On my team we like to put ticket numbers in commit messages, so that Jira finds them and puts links to the commits in the ticket. The problem is that I have a really hard time remembering my ticket numbers. What I've been doing is creating a branch for each ticket, but while that helps me remember the numbers, it still doesn't help me remember which ticket is which. I had tried posting comments to myself in Slack to keep track of them, but then it occurred to me that I didn't need to be using just the ticket number as the branch name, so now I'm trying something new.
Instead of creating branches with just the ticket number, I'm using ticket/short-description
. The length of the branch name doesn't affect much, thanks to tab completion, and having that information available at a glance right in the repo is huge, especially since I have the branch name as part of my prompt.

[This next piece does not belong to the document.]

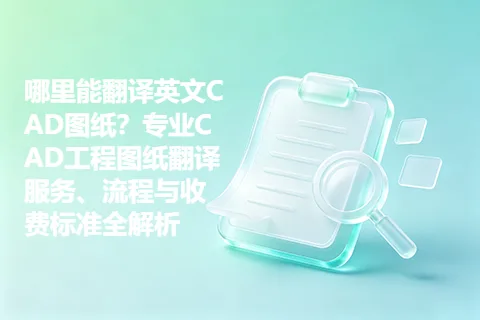 哪里能翻译英文CAD图纸？专业CAD工程图纸翻译服务、流程与收费标准全解析
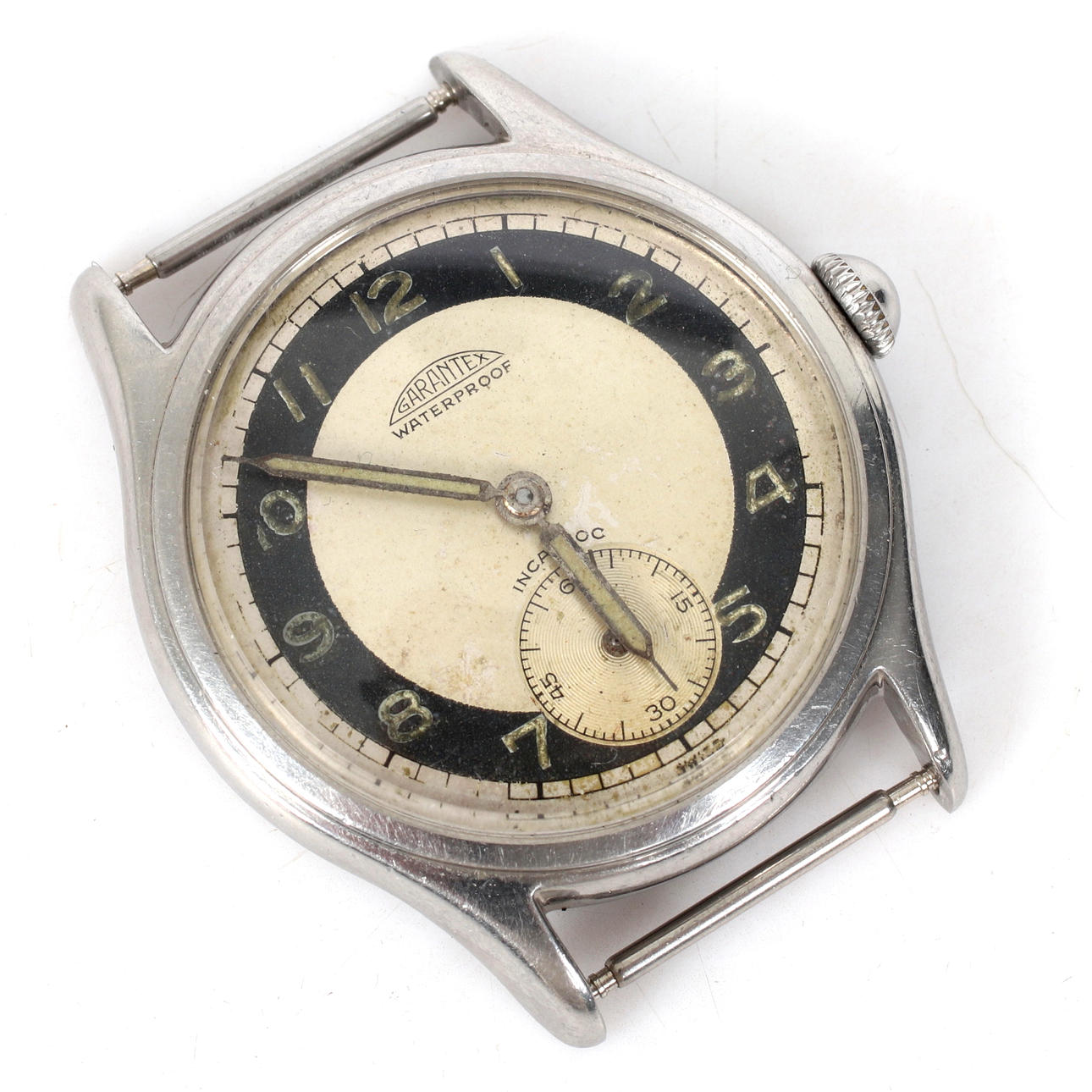 ARMBANDSUR, stål, Garantex, 1900-tal.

[me@my-machine:dir PROJ-1234/fix-ci ]$ git branch
PROJ-1234/fix-ci
PROJ-1233/remove-stupid-widgets
PROJ-1232/fix-broken-widgets
PROJ-1231/add-awesome-widgets
Could I get any lazier? You bet I can! Drop this into your repo in .git/hooks/commit-msg
(make sure it's executable):
#!/bin/bash
# Change this to match the format that your tickets are in
TICKET_RE="PROJ-[0-9]+"
FILE="$1"
BRANCH="$(git symbolic-ref --short HEAD)"
BRANCH="${BRANCH%%/*}"
# If the branch name looks like a ticket number, then we make sure the
# message starts with the ticket number
if [[ $BRANCH =~ ^${TICKET_RE}$ ]]; then
MSG="$(head -1 "$FILE")"
if ! [[ $MSG =~ ${BRANCH}* ]]; then
sed -i.bak -e "1s/^/$BRANCH - /" "$FILE"
fi
fi
Now whenver I commit from a branch that has a ticket-number name but forget to start my commit message with the ticket number, git will add it for me.